4. La colpevole, talora ostentata, indifferenza, da parte dell’attuale governo, riguardante la crescita del debito pubblico, non giustifica la sua crescita continua, a partire dal 2001, che va addebitata ai governi che lo hanno preceduto (compreso quello presieduto dal rigorista Mario Monti). Senza alcuna critica mediatica, costoro si sono limitati a  lanciare e ad enfatizzare una revisione della spesa, o “spending review”, che, per avere esito, avrebbe dovuto incidere duramente sugli interessi di una classe dirigente fondata (opinione mia) su un patto intercorporativo e su alcuni tabù ritenuti intangibili dalle forze politiche (Lega Nord compresa) che si sono alternate al governo del paese. Alcuni esempi per tutti. Nessuno ha indagato sulle condizioni di privilegio dell’alta burocrazia soprattutto vigenti a favore di coloro che impongono rigore a soggetti più deboli (mi riferisco al Tesoro e alla Ragioneria della Stato). Salvo una sparuta opposizione di sinistra, nessuno si chiede se i 15 miliardi ed oltre per degli aerei di attacco, gli F 35, di cui alcune autorità competenti persino statunitensi denunciano le carenze, non potrebbero essere investiti nello sviluppo di prospettive di vita e di lavoro per le giovani generazioni. E’ merito recente del suo giornale avere finalmente dedicato una pagina critica all’argomento, in occasione della caduta di uno degli aerei. Tuttavia, si tratta di un dibattito in corso da oltre un quinquennio, eluso dall’allora ministra della difesa, Pinotti, e su cui la sua successora mantiene un ostentato silenzio. Forse i lettori del suo giornale avrebbero potuto essere più puntualmente informati e criticamente coinvolti in tema di questi sprechi di regime che accompagnano il supremo non detto: la crescita dell’ineguaglianza tra un piccolo gruppo di ricchi e potenti a scapito della grande maggioranza della popolazione,  in corso ormai da un ventennio, in Italia e non soltanto in Italia.   

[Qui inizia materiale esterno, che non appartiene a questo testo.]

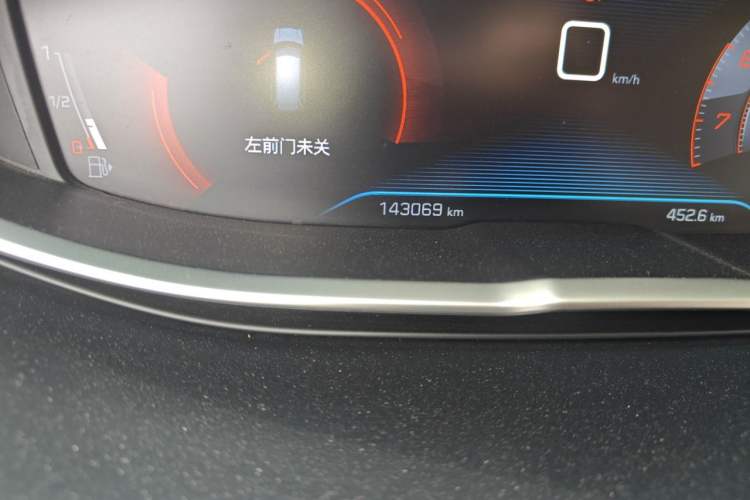 Used Peugeot 5008 2019 380THP 5-Seater Elite Edition Odometer Close Up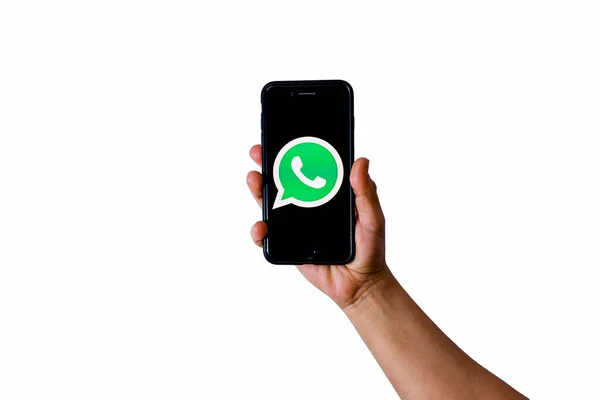 Antalya, TURKEY - 10 Ocak 2021 iPhone 7 + Whatsapp logosunu gösteren akıllı telefon ekranı.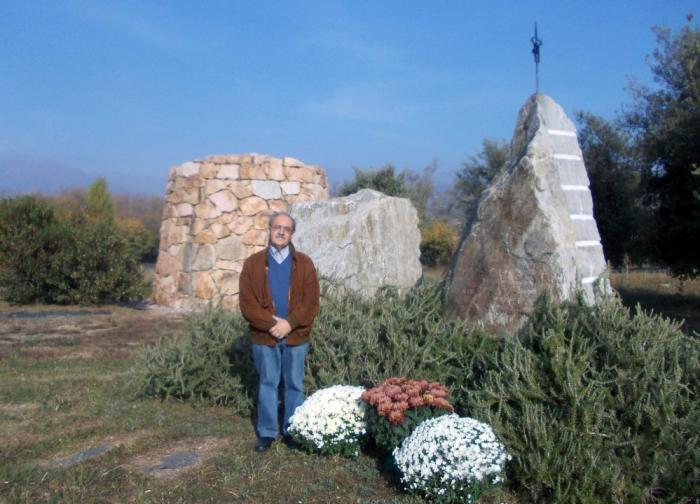 Fiori a Nuraghe Chervu deposti dalla Famiglia di Giovanni Carta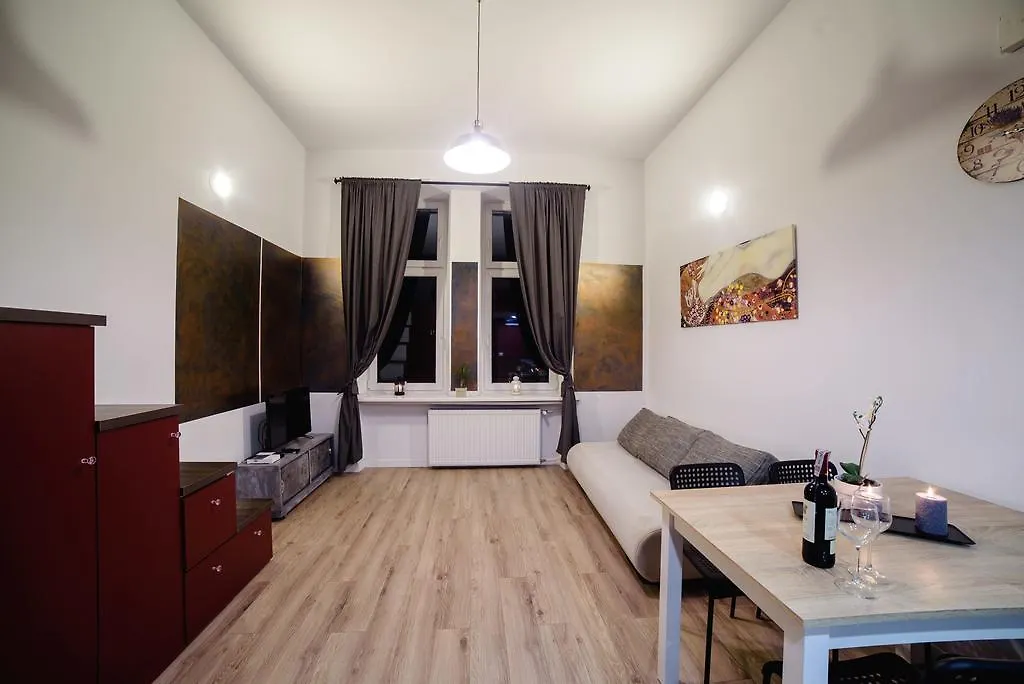Cracow Rent Apartments - Spacious Apartments For 2-7 People In Quiet Area - Kolberga Street Nr 3 - 10 Min To Main Square By Foot Kraków
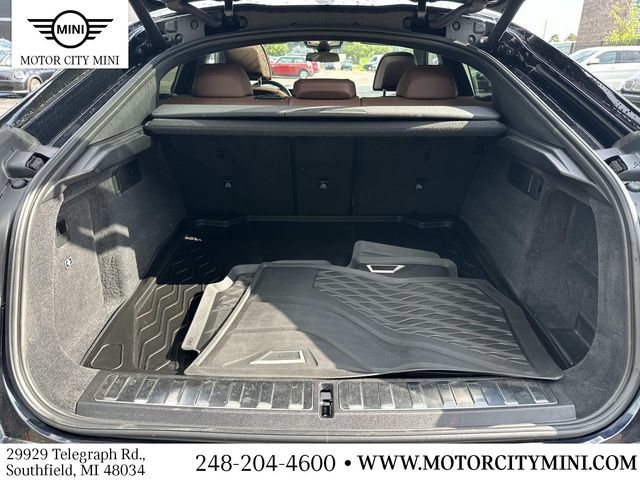 Certified 2025 BMW X6 M60i w/ Dynamic Handling Package AWD/4WD image 16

Per concludere, non solo “La Repubblica”  deve essere letta e, ove necessario difesa, dai suoi lettori, ma è suo interesse che essi siano invogliati a restare tali per la completezza di un’informazione non condizionata o permeata dalla linea politica che è e deve restare sua libera scelta.
Molto cordialmente,
Gian Giacomo Migone,
QUESTA LETTERA, INVIATA A “LA REPUBBLICA” NON E’ STATA PUBBLICATA

Un commento su “NON COMPRERÒ PIÙ “LA REPUBBLICA””

  1. Grazie, “Critica Liberale”, per avermi pubblicato in questa civilissima rubrica, anche se mi vedo costretto a chiedere un’errata corrige del titolo che non é mio.
    Infatti, come é detto chiaramente nel secondo paragrafo del mio testo, a causa dell’attacco di Di Maio alla liberta’ di espressione ho deciso di recedere dal proposito precedentemente maturato di non comprare più “La Repubblica”, malgrado le critiche che poi argomento.